When I see those content deals being made it’s clear to me that without really saying so, content creators and distributors are already making huge investments in a content future in which traditional media—that’s fancy for “television”—have a severely diminished role.

A year ago, Bernstein Research studied Netflix homes and found, not surprisingly, viewership of all kinds of kids’ linear channels got whacked. That research corresponded with Nickelodeon experiencing a sharp viewership decline, a slip that Nick in part attributed to its carriage problems with DirecTV.

But historically, content creators and distributors grew because inquiring, impatient little minds went looking to find them. When, in the '60s, dialing in a UHF channels like channels 25 or 64 on an old TV was as hard as it is to do as cracking a bank safe, kids had the curiosity to do it. Those youngsters discovered those little independent stations that were airing old episodes of “Zorro” and showing Little Rascals films and Bugs Bunny cartoons. Cool beans! Indies hung on to those young viewers and the ones that followed.

By the late '80s, when those kids were young adults, those stations were now Fox or WB or UPN affiliates, which in part is why Fox and the CW inherited a much younger audience, thank you very much.

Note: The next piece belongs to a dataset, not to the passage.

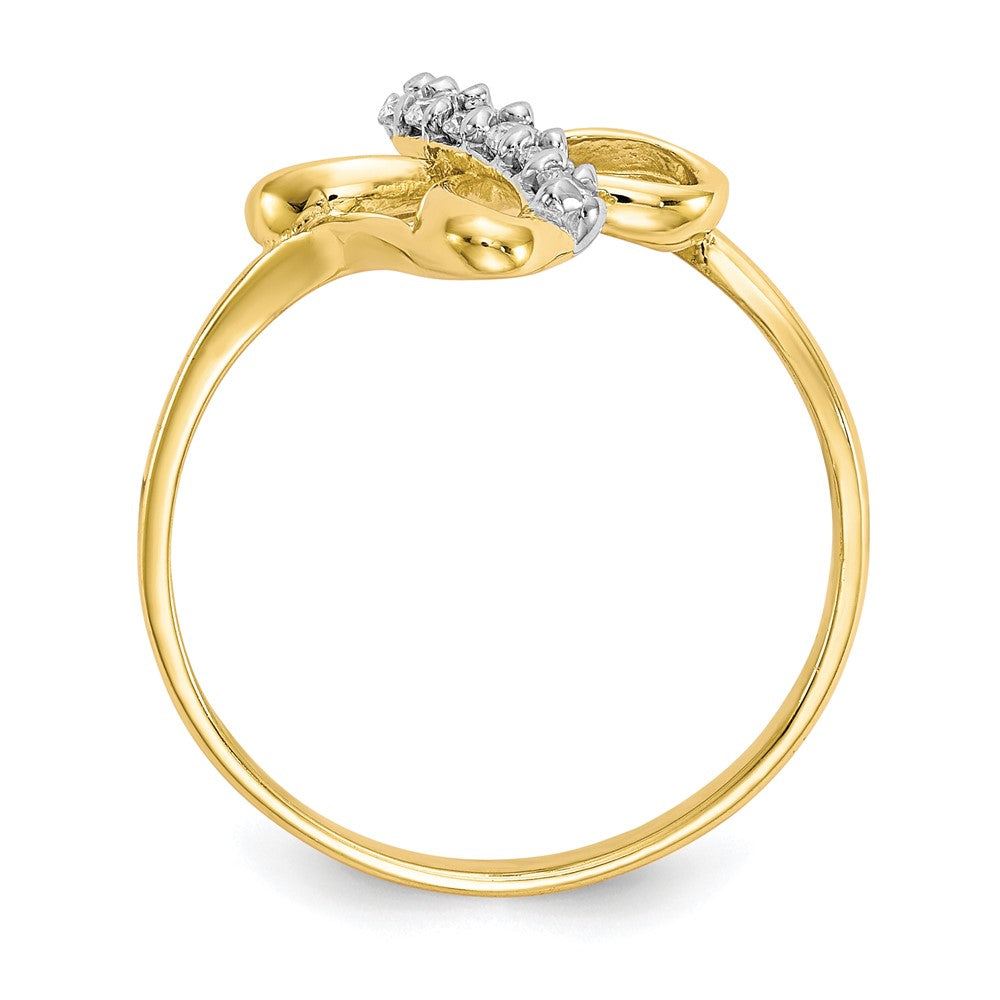10K Gelbgold Zirkonia Kreuz Ring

I doubt DreamWorks CEO Jeffrey Katzenberg or Netflix’s Reed Hastings are studying that playbook, but clearly both are buying the present and planning the future. The market works in the same way. Young adults are discovering and creating the new media future; their kids are already watching or going to increasingly watch kids programs from new sources. Katzenberg told the media the Netflix deal will add $100 million in revenue the first year, and $200 million the year after. Obviously, Netflix must be projecting a tidy little windfall all its own. But the bonanza comes later, when Netflix cultivates what I would think is its first full generation of young viewers and makes them, more or less, subscribers for life.

Netflix also made a deal with Disney a month ago and Amazon took the Nickelodeon product Netflix gave up. Amazon, apparently less concerned than Netflix about having new product (kids don’t seem to care), is buying a library of shows from PBS. It probably won’t stop there, with other pay online services still angling their own kids’ plans, and everybody tacitly understanding their kids’ futures are on the Internet, in just about every way.